I think the Down's screening issue, and the JAMA reports on tPA in stroke, reflect the dangers of generalizing the results of research. A given therapy or diagnostic tool needs some sort of prospective evaluation, wherever it used. Industry constantly monitors quality, and how new tools/methods affect it. Medicine could use the same process to avoid missing adverse or ineffective therapies. I was glad to see the articles on tPA, come out. Clearly, Cleveland and other sites are not having the degree of success, or lack of harm as the initial investigators. The retrospective Down's survey points to the same issue. Research needs to be critically appraised, then critically monitored.
Regards,
Daniel L. Sontheimer, M.D.
Asst. Prof. Of Family Medicine
Spartanburg Family Medicine Residency
853 N. Church Street Suite 510
Spartanburg, SC 29303
Email: [log in to unmask]
References:
-----Original Message-----
From: Yaser Adi [SMTP:[log in to unmask]]

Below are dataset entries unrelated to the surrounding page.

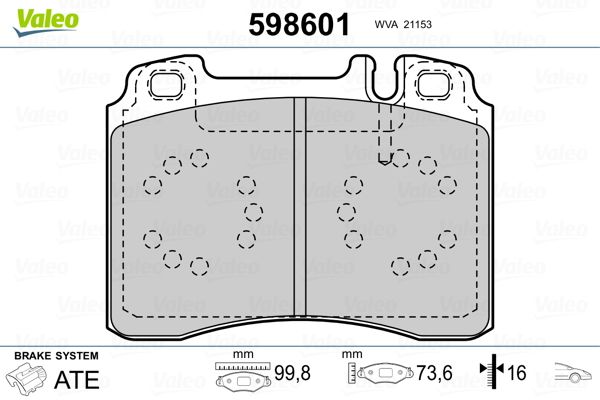 Stabdžių trinkelių rinkinys, diskinis stabdys VALEO 598601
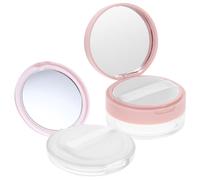 PartyKindom 2pcs Compact Powder Puff Container with Mini Mirror Travel Friendly Makeup Case with Elastic Mesh for Loose Powder Elegant Design for Go Touch Ups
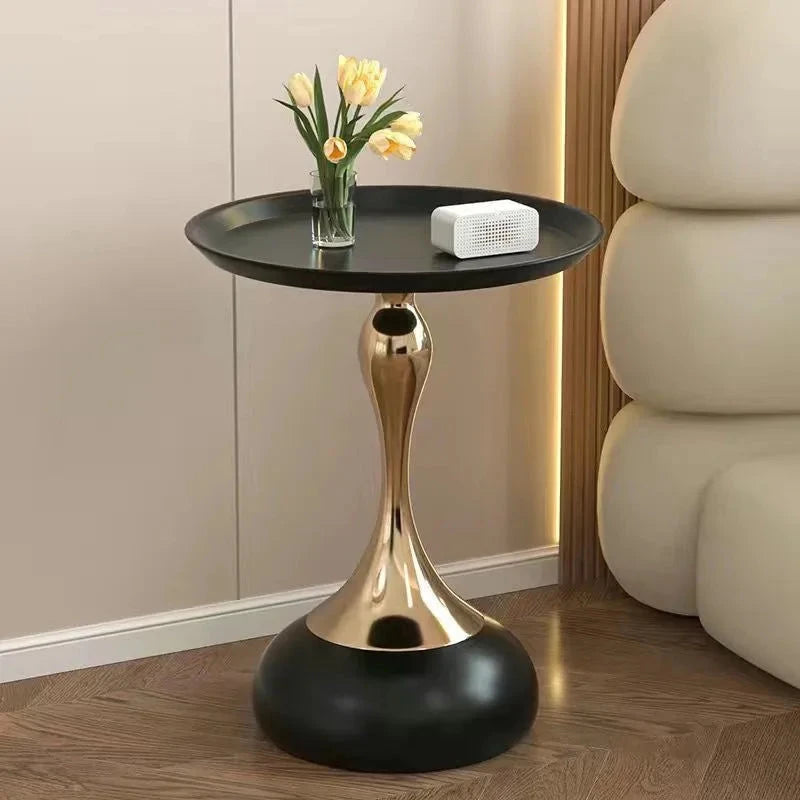 small apartment European wrought iron corner table balcony mobile coffee table bedroom bedside small round table sofa edge table Manwatstore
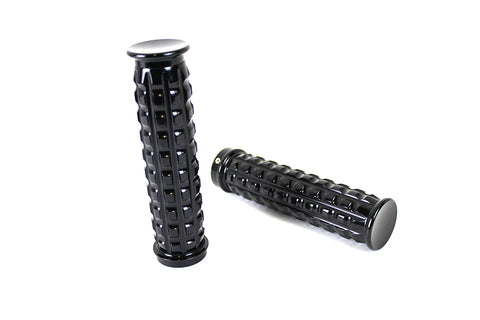 Black Grained Style Handlebar Grip Set - V-Twin Mfg.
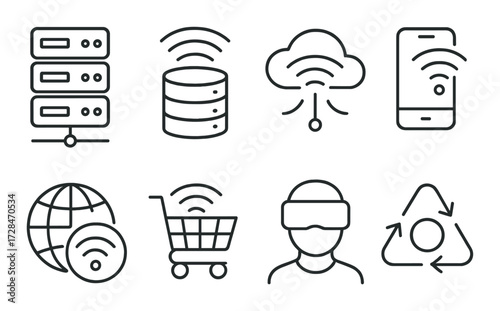 Minimalist technology icons: cloud, smartphone, vr, server, shopping, recycling, earth, wi-fi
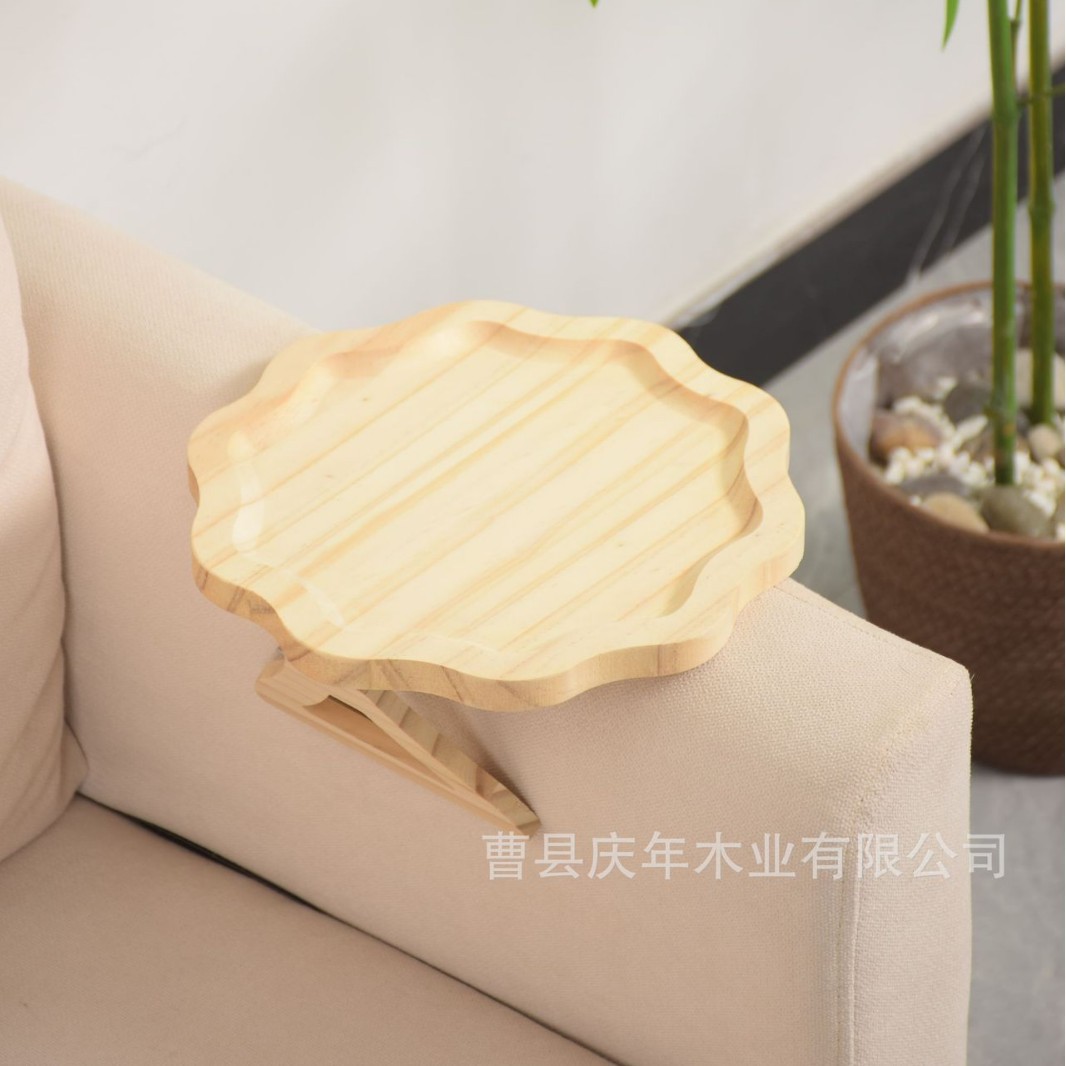 Bandeja de sofá de bambú con brazo ajustable, ideal para café, snacks o control remoto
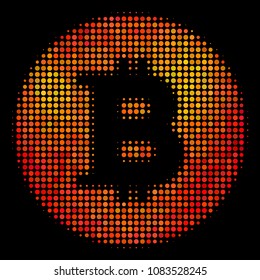 Dot bitcoin coin icon. Bright pictogram in hot color tones on a black background. Vector halftone concept of bitcoin coin icon made of circle points.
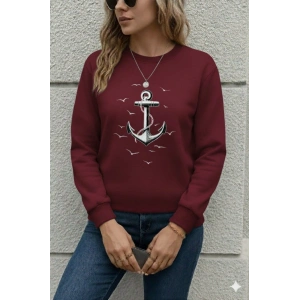 Kadın Uzun Kollu Bisiklet Yaka Desenli Viskon Iki Iplik Bluz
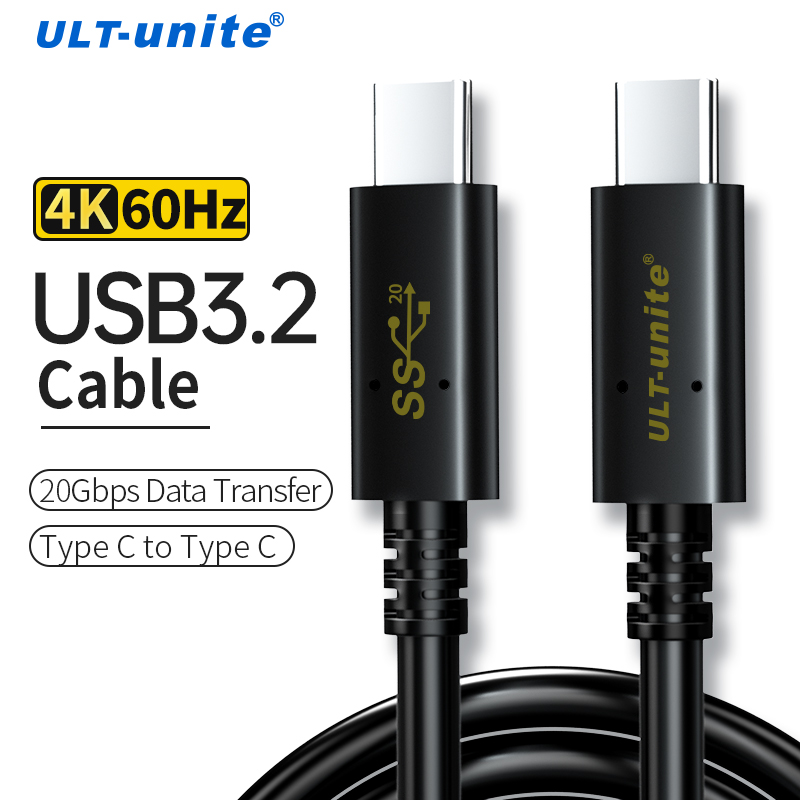 USB 3.2 Gen 2 Type C to C Cable 20Gbps Type-C Cord 4K UHD PD100W Fast Charging Data Wire for MacBook Pro iPad Pro Galaxy S20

Sent: Friday, March 03, 2000 12:32 PM
To: [log in to unmask]
Subject: Screening for Down's syndrome
Dear list members,
If a screening test takes considerable time and effort to be introduced, how long does it take to remove such a screening test from practice if proved not effective? In this week in BMJ http://www.bmj.com/cgi/content/full/320/7235/606
(Six year survey of screening for Down's syndrome by
maternal age and mid-trimester ultrasound scans) the authors believe that a blood
test-serum screening was introduced without
scientific evidence for its clinical effectiveness.